In case of questions, please contact [email protected].
This software is a research prototype, solely developed for and published as part of the publication cited above. It will neither be maintained nor monitored in any way.
The code was tested using the following modules:
tensorflow-gpu==1.10.0
Keras==2.2.4
cython
h5py
matplotlib
keras-resnet==0.1.0
opencv-python>=3.3.0
pillow
progressbar2
scipy
Our code is based on the RetinaNet implementation available at https://github.com/fizyr/keras-retinanet
For preprocessing annotations you need to download the full annotations
and then run .data/CityPersons_preparation.py
. The output is a pickle file
which is used in training. Furthermore, you need to download the
validation ground truth
(val_gt.json) as used in the official evaluation code and store it in ./data.
Furthermore, you also need to run .data/CityPersons_preparation.py
for
generating a pickle for the validation data.
Train images are expected to be stored in /image_folder/train/city_name/img_name.png
Val images are expected to be stored in /image_folder/val/city_name/img_name.png
For running experiments on 25% of annotations, please use the commands below.
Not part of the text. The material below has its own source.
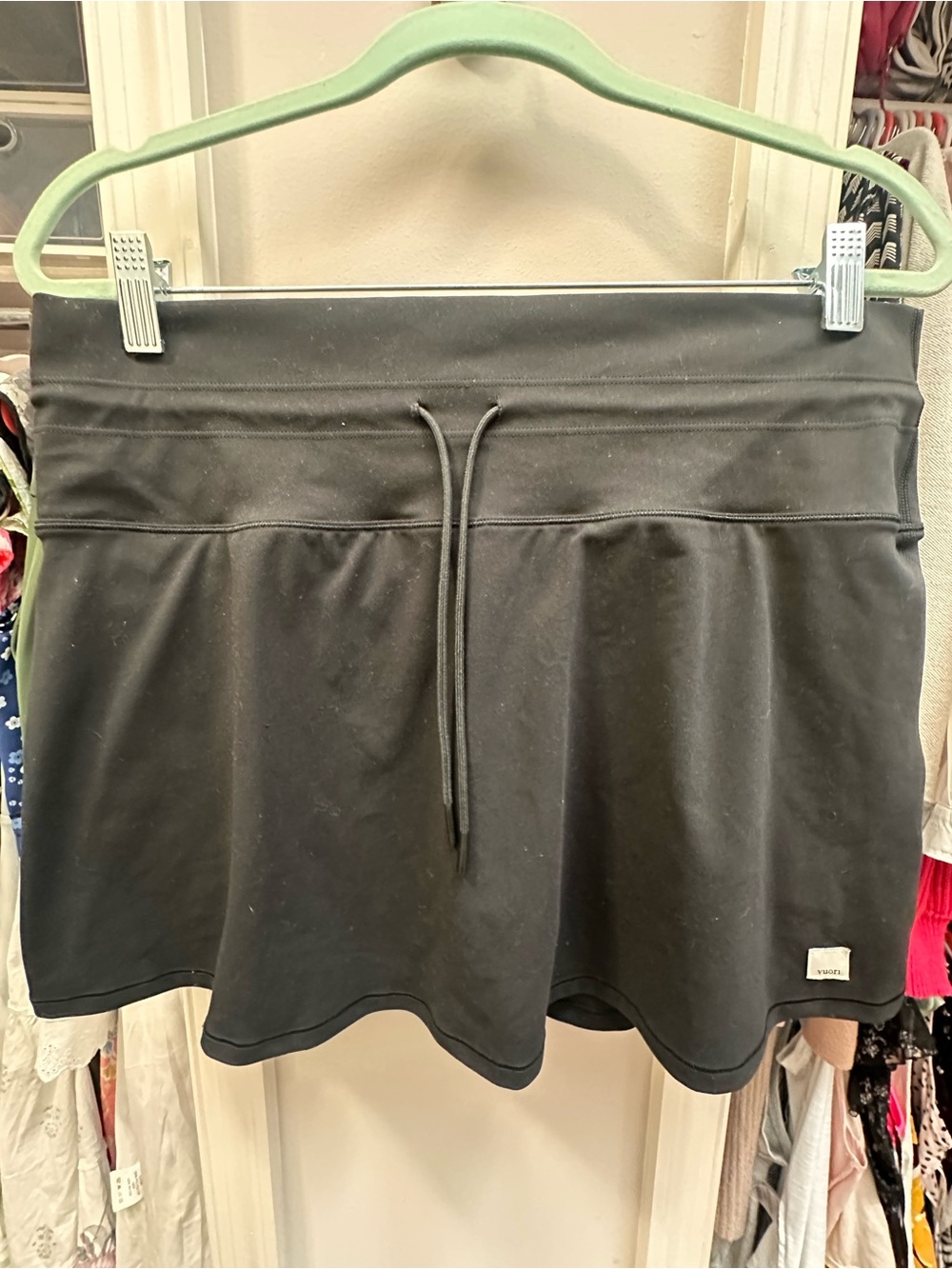 Vuori Women’s Black Athletic Skort with Drawstring Waist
python -u ./keras_retinanet/bin/train.py --use_adaptive_image_size=True --consistency_with_pseudolabel=True --ignore_stages_without_bbox=True --base_annotation_dir=.data/citypersons_largest_25_percent.pickle --image-min-side=1024 --image-max-side=2048 --lr=3e-5 --image_dir=/path/to/images/ --snapshot-path=./results/exp_name/ citypersons
python -u ./keras_retinanet/bin/train.py --use_adaptive_image_size=True --base_annotation_dir=.data/citypersons_largest_25_percent.pickle --image-min-side=1024 --image-max-side=2048 --lr=3e-5 --image_dir=/path/to/images/ --snapshot-path=./results/exp_name/ citypersons
python -u ./keras_retinanet/bin/train.py --use_adaptive_image_size=True --base_annotation_dir=.data/citypersons_largest_25_percent_with_ignore_regions.pickle --image-min-side=1024 --image-max-side=2048 --lr=3e-5 --image_dir=/path/to/images/ --snapshot-path=./results/exp_name/ citypersons
First, conduct standard training.
Then, run python -u ./keras_retinanet/bin/augmentations_predictions.py --image_dir=/path/to/image_folder/ --save_path_predictions=/path/for/saving/predictions/ --base_annotation_dir=citypersons_largest_25_percent.pickle citypersons /path/to/model.h5
to create predictions for multiple augmentations of every image.
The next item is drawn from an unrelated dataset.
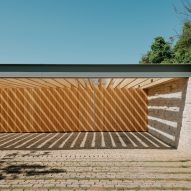 Casa Colmeia by Sabella Arquitetura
Afterwards, generate pseudo-labels using Bounding Box Voting
python ./keras_retinanet/bin/pseudo_labels_bounding_box_voting.py --predictions_dir=/path/of/predictions/ --out_dir=/path/for_saving_pseudolabels/bbox.pickle --base_annotation_dir=/path/to/citypersons_largest_25_percent.pickle citypersons
Finally, rerun standard training using the combination of ground truth annotations and pseudo-labels.
For 50%, 25%, and 10% of annotations, learning rate should be set to 3e-5. For 5%, 1% and 0.5% of annotations, learning rate should be set to 1e-5.
PCIS is open-sourced under the AGPL-3.0 license. See the LICENSE file for details.
For a list of other open source components included in this project, see the file 3rd-party-licenses.txt.